┌─ Records to use

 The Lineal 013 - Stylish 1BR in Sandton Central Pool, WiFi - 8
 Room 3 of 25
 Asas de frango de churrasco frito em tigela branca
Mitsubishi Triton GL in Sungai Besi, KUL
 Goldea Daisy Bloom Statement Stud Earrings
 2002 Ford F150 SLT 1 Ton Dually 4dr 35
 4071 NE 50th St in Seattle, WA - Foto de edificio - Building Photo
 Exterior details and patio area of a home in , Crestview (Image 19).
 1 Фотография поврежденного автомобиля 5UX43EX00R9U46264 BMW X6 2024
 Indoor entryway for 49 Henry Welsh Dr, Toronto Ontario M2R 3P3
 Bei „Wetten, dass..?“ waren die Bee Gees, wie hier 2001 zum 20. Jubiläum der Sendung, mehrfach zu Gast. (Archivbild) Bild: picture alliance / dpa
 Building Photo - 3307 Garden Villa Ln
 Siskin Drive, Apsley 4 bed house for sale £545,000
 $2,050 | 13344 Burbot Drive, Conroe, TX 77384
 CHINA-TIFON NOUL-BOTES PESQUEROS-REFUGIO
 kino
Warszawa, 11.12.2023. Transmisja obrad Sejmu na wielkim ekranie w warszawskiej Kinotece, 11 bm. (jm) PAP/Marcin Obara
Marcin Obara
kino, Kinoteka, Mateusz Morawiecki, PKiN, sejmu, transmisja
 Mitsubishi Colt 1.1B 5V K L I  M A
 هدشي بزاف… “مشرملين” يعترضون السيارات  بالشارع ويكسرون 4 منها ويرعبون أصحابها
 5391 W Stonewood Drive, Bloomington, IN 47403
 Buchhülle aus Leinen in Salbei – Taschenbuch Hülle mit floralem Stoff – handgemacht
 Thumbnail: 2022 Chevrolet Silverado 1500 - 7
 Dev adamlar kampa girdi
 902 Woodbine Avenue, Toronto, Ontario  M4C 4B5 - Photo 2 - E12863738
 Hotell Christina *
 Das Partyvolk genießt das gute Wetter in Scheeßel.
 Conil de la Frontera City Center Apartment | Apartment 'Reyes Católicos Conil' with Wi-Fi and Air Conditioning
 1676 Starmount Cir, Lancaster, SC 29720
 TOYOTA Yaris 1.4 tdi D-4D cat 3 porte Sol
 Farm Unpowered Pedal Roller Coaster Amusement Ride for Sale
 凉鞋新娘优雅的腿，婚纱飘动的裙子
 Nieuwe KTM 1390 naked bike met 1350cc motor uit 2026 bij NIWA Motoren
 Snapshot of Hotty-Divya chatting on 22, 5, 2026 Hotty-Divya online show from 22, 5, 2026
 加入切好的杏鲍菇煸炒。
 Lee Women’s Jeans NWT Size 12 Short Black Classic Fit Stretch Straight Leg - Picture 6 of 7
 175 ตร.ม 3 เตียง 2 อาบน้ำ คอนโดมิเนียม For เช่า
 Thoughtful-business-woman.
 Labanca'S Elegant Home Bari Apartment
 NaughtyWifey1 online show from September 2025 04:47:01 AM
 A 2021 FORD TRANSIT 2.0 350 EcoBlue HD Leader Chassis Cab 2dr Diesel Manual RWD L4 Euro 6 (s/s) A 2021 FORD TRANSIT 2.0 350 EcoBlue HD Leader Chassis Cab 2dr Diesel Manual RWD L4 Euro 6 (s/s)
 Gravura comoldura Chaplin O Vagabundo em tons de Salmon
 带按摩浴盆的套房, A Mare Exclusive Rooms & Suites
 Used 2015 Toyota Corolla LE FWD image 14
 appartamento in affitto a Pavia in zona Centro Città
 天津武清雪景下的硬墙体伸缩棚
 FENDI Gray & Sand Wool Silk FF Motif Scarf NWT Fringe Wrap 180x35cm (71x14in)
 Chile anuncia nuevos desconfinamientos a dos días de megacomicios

└─

**About this task:** Your task is to restate, word for word, only those lines above that fall between the line holding "Buchhülle aus Leinen" and the line holding "Das Partyvolk genießt", inclusive.

**Written reply:**
 Buchhülle aus Leinen in Salbei – Taschenbuch Hülle mit floralem Stoff – handgemacht
 Thumbnail: 2022 Chevrolet Silverado 1500 - 7
 Dev adamlar kampa girdi
 902 Woodbine Avenue, Toronto, Ontario  M4C 4B5 - Photo 2 - E12863738
 Hotell Christina *
 Das Partyvolk genießt das gute Wetter in Scheeßel.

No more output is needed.